At that point, the inquest was adjourned. Though no one doubted that the decomposed corpses lying in the morgue were those of Alice and Nellie Pitezel, there was no positive proof of their identities. Only one person could provide that proof.
The inquest would have to wait until Carrie Pitezel arrived in Toronto to view what was left of her two youngest daughters.
Like Holmes, Carrie had learned the devastating news from the papers. The previous week, she had traveled to Chicago from her parents’ home in Galva in order to pursue her own inquiries into the children’s whereabouts. She was staying with her old friends, the Haywards, when the newspaper arrived.

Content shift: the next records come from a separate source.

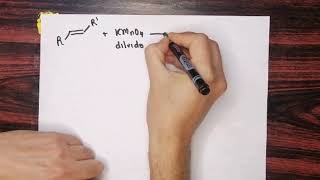 Oxidación de alquenos con Permanganato de Potasio [upl. by Lachish]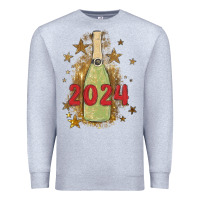 Heather Grey sparkly champagne Premium Sweatshirt - MaliasSmallBusiness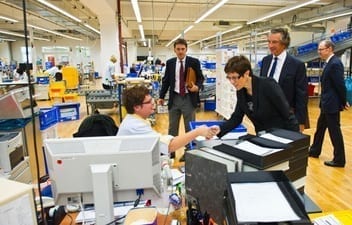 Annegret Kramp-Karrenbauer zu Besuch bei der kohl-Gruppe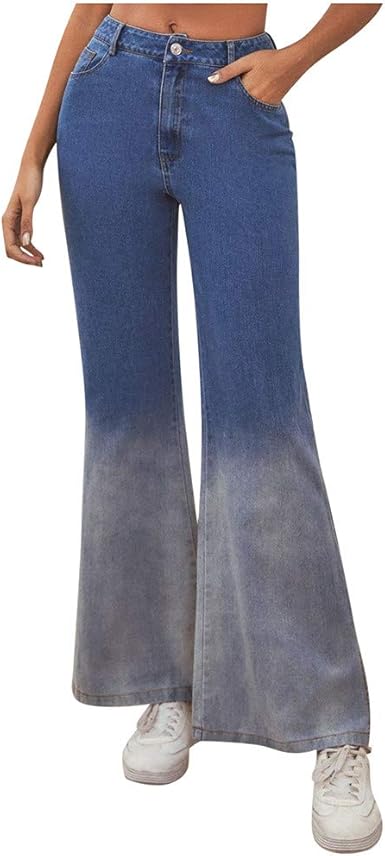 jeans with loose bottom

At the sight of the headline, she succumbed to such hysterical grief that her hosts sent their eldest child running for Dr. Hubbert, the family physician. With the help of “quieting mixtures,” Hubbert temporarily tranquilized the stricken woman, but had to return twice more during the day to administer additional opiates. Finally, the drugs lulled her into a troubled sleep.
When she awoke later that night, she found a telegram from District Attorney Graham, informing her that the coroner’s jury could not proceed without positive means of identifying the bodies.
Early Thursday morning, July 18, Carrie set off by herself for Toronto.
No one recognized her during the long train ride, though her black mourning clothes and ravaged look drew curious stares. In Toronto, however, a crowd of several hundred gawkers had gathered at the Union Depot. Fortunately, Geyer was there, too. The moment Carrie alighted from the train at around nine P.M., he took her by the arm and led her briskly through the jostling mob to a waiting carriage, wh
ich drove them to the Rossin House.
By the time Geyer got her to her room—directly across the hallway from his own—Carrie was on the verge of collapse. Heartsick and exhausted, she swooned as he led her toward her bedroom. Geyer, who had arranged to have smelling salts brought to the room, immediately applied the restoratives. Gradually, Carrie’s eyes fluttered open and focused on the detective.
“Oh, Mr. Geyer,” she moaned. “Is it true that you have found Alice and Nellie buried in a cellar?”
Geyer took her by the hand and, in the gentlest tones he could manage, told her that she must prepare herself for the worst.
Through her tears, Carrie replied that she would do her best.
With that, Geyer confirmed that her daughters were dead—though he stopped short of revealing the condition of their bodies or the precise circumstances of the discovery. After arranging for a chambermaid to look after her, Geyer returned to his room for the night.
Carrie seemed slightly better the next morning when Geyer stopped by to see her. He was on his way out, he explained, to make arrangements for her to view the children. Geyer picked up Cuddy at police headquarters, then the two men proceeded to the home of Coroner Johnston, who informed them that the bodies would be ready for inspection at four that afternoon.
Returning to the hotel, Geyer and his partner tried to steel Carrie for the coming ordeal. Geyer marshaled all the tact at his disposal but could no longer conceal the dreadful truth about the state of her children’s remains. When he told her “that it would be absolutely impossible for her to see anything but Alice’s teeth and hair, and only the hair belonging to Nellie,” Carrie came close to passing out.
The two men stayed by her side until the carriage arrived at four. Then—arming themselves with brandy and smelling salts—they escorted the trembling woman to the waiting cab.
As a small, morbid crowd milled outside the city morgue, Geyer and Cuddy hurried Carrie inside. Leaving her in the waiting area, they passed inside the deadhouse to make certain that everything was in readiness.